Relief Funds and Supplies are Transforming Lives In the Leper Colony of Malo, South Sudan
Over 500 people comprising a modern-day leper colony who’ve suffered from the terrible illness for years are now receiving help, thanks to supporters of Sudan Relief Fund and efforts on the ground by missionary nurse, Noeleen Loughran.
It’s hard to say whether the joy of receiving desperately needed supplies, or the joy from being offered hope for the first time in years, brought the smiling faces to these people of Malo, South Sudan. But their smiles were radiant and unmistakable nonetheless.
“Today we gave two goats, 50 kilograms of maize, 50 kilograms of beans, salt, oil, sugar, and tea” to the villagers of the Malo leper colony, said Nurse Noeleen. “The people were overwhelmed with happiness.”

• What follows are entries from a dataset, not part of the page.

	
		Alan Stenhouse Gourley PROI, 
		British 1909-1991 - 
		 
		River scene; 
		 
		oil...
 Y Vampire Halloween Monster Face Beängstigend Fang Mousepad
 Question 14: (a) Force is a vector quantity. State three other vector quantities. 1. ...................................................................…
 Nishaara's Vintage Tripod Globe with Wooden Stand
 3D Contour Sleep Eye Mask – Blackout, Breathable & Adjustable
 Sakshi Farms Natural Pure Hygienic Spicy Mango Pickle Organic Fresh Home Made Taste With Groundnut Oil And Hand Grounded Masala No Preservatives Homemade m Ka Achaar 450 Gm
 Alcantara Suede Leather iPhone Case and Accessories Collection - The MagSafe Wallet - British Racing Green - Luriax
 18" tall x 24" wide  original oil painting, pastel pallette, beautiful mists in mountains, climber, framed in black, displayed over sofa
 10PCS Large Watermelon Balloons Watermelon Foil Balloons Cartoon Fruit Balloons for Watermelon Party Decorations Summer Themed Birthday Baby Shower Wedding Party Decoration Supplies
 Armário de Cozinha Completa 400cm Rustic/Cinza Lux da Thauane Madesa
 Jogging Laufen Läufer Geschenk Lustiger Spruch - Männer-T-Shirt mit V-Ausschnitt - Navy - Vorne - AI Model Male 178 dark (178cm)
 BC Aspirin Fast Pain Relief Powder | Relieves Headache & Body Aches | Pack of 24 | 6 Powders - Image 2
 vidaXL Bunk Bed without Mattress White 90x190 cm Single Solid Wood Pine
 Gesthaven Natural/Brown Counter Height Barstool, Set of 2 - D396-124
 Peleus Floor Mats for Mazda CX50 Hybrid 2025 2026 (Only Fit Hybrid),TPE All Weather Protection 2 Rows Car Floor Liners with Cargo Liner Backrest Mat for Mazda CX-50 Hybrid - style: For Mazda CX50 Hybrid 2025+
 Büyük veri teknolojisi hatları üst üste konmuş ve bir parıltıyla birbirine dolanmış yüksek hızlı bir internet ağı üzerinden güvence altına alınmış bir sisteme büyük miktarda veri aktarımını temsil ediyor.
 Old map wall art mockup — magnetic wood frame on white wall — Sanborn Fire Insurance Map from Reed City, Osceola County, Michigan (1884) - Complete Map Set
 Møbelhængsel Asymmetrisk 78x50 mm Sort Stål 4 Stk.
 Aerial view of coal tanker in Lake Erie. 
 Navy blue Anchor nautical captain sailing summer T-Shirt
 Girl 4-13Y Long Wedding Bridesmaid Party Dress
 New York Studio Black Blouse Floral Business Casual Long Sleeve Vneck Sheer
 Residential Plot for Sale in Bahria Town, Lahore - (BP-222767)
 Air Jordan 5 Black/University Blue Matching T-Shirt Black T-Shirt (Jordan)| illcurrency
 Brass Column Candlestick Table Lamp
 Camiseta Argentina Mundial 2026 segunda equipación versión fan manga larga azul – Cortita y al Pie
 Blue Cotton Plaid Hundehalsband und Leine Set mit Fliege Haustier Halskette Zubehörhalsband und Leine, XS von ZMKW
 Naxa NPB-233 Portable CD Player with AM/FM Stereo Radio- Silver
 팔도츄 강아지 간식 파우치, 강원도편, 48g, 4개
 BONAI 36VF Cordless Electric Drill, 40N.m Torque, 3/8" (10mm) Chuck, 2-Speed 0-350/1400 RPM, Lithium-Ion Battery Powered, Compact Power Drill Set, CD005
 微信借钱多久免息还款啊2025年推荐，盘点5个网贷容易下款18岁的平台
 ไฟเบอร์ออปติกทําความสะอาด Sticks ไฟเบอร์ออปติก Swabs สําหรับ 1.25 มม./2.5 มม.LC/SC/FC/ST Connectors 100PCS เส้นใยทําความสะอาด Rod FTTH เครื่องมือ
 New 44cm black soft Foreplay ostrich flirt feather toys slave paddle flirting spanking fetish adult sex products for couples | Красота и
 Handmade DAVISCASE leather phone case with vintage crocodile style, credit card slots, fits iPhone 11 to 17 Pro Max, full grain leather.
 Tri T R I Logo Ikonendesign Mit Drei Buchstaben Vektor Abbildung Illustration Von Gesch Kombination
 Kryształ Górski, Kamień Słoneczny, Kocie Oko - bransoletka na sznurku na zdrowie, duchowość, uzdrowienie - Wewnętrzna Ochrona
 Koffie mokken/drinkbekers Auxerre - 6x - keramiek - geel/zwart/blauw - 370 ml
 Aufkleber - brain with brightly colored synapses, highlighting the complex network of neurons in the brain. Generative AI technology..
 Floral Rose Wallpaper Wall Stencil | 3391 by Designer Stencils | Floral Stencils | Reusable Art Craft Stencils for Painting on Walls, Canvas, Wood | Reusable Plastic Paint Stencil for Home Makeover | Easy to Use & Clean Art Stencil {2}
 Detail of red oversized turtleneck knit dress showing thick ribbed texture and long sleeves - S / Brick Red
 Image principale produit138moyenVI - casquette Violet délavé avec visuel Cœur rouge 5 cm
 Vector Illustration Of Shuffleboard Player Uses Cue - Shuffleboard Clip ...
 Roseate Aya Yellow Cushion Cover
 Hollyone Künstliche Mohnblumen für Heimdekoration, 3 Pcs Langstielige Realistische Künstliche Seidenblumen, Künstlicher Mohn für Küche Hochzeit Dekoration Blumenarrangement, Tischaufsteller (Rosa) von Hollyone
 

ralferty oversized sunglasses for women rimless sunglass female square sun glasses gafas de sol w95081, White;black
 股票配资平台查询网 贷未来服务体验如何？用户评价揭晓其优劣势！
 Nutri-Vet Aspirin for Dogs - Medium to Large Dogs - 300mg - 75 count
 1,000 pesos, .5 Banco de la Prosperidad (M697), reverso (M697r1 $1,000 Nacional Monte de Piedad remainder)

Residents were also overjoyed to receive 190 pairs of new shoes – not just a luxury but a necessity for sufferers of leprosy. Since the disease causes numbness in the extremities, victims cannot feel if there is an injury to their toes or feet. If a cut or a burn occurs, the sufferer won’t be aware. Without proper foot balance, some victims are unable to walk. Protective shoes not only guard from potential injuries but also help some sufferers to walk once again.
Medical treatment to cure the leprosy will also be a part of the recovery process that is bringing new hope and new life to these people. Cast aside until now, Noeleen remarked with gratitude, “At last they are being treated as they always should have been.”
Nurse Noeleen has been instrumental in bringing together groups and coordinating resources to provide relief to the men, women, and children of this community who were found in destitute condition. One partner group includes the Jesuits pictured here with the tractor they brought to help jumpstart an agricultural project.
Special thanks is expressed to the donors and supporters of Sudan Relief Fund who responded to the appeal for help. Your gifts are making this transformation possible in the lives of hundreds of people previously held captive by the devastating effects of this curable disease.